[Start of section]
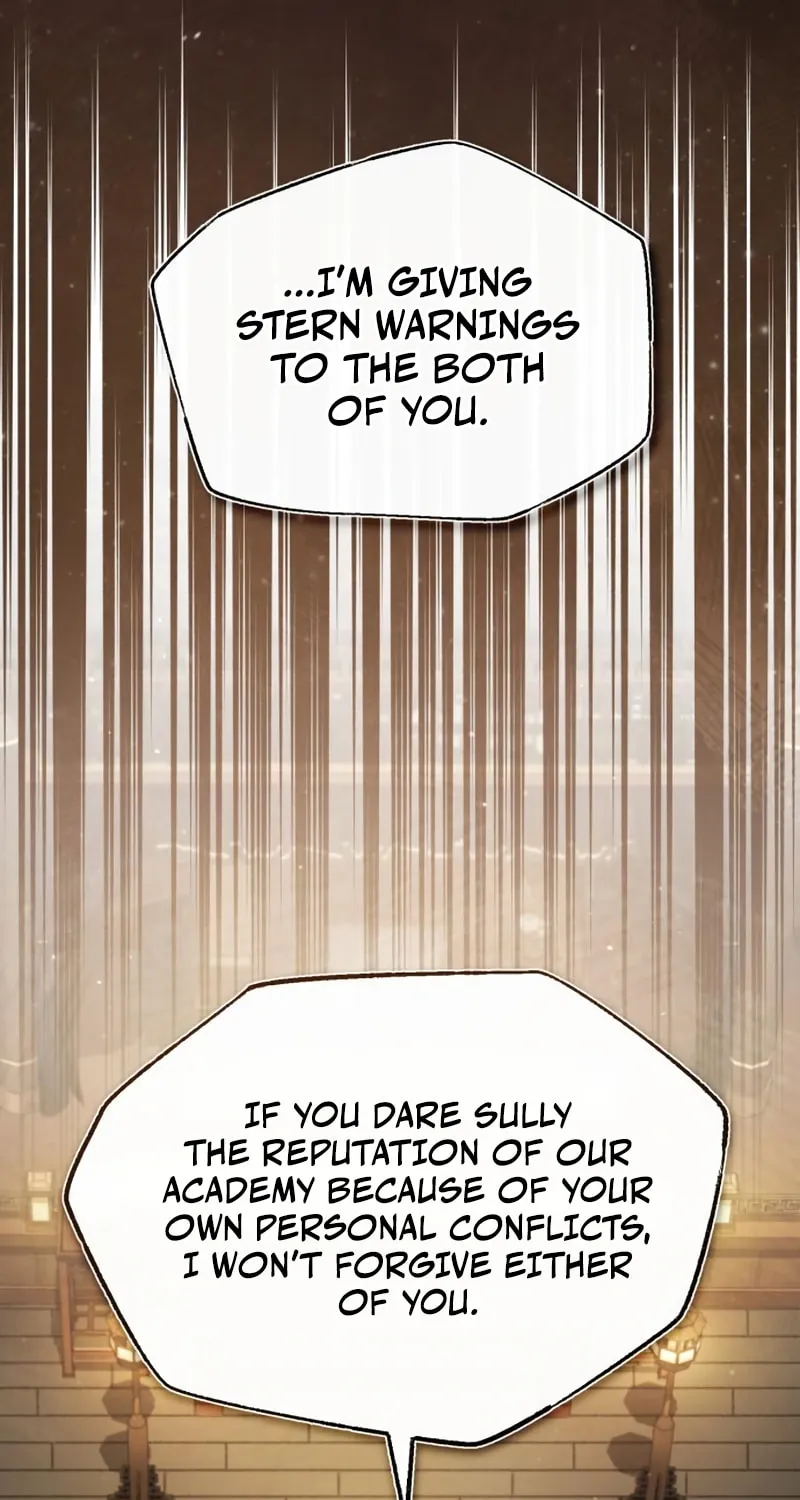 Best Teacher Baek Chapter 52 page 52 - 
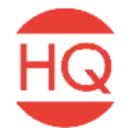 Logo van Seerden Industriële Verpakkingen B.V.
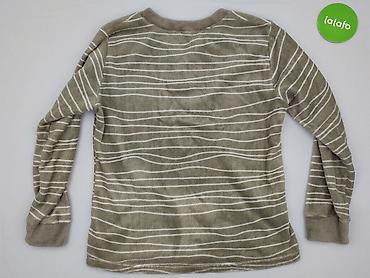 beata: Bluza damska
, rozmiar S — 3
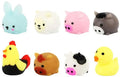 Small Squishy Farm Animal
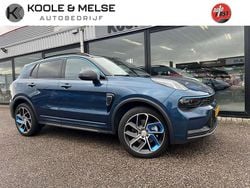 Suv Gebruikt 2023 Lynk & Co 01 SUV | € 25.950 (Eerlijke prijs)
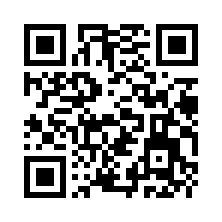 QR Code for 1HEkNdPC4kY4CjDbsUPJ3qoiamWe3ePHnB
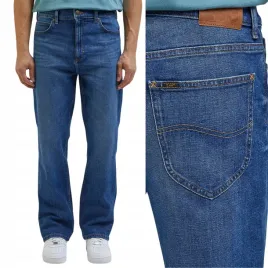 lee-70s-bootcut-regular-worn-in-rozszerzane-spodnie-jeansowe-w29-l32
[End of section]
## What is needed
Nothing but the lines from the line with "rozmiar S — 3" through the last line of the data above should be printed, exactly as written and without pictures.

## The answer
, rozmiar S — 3
 Small Squishy Farm Animal
 Suv Gebruikt 2023 Lynk & Co 01 SUV | € 25.950 (Eerlijke prijs)
 QR Code for 1HEkNdPC4kY4CjDbsUPJ3qoiamWe3ePHnB
 lee-70s-bootcut-regular-worn-in-rozszerzane-spodnie-jeansowe-w29-l32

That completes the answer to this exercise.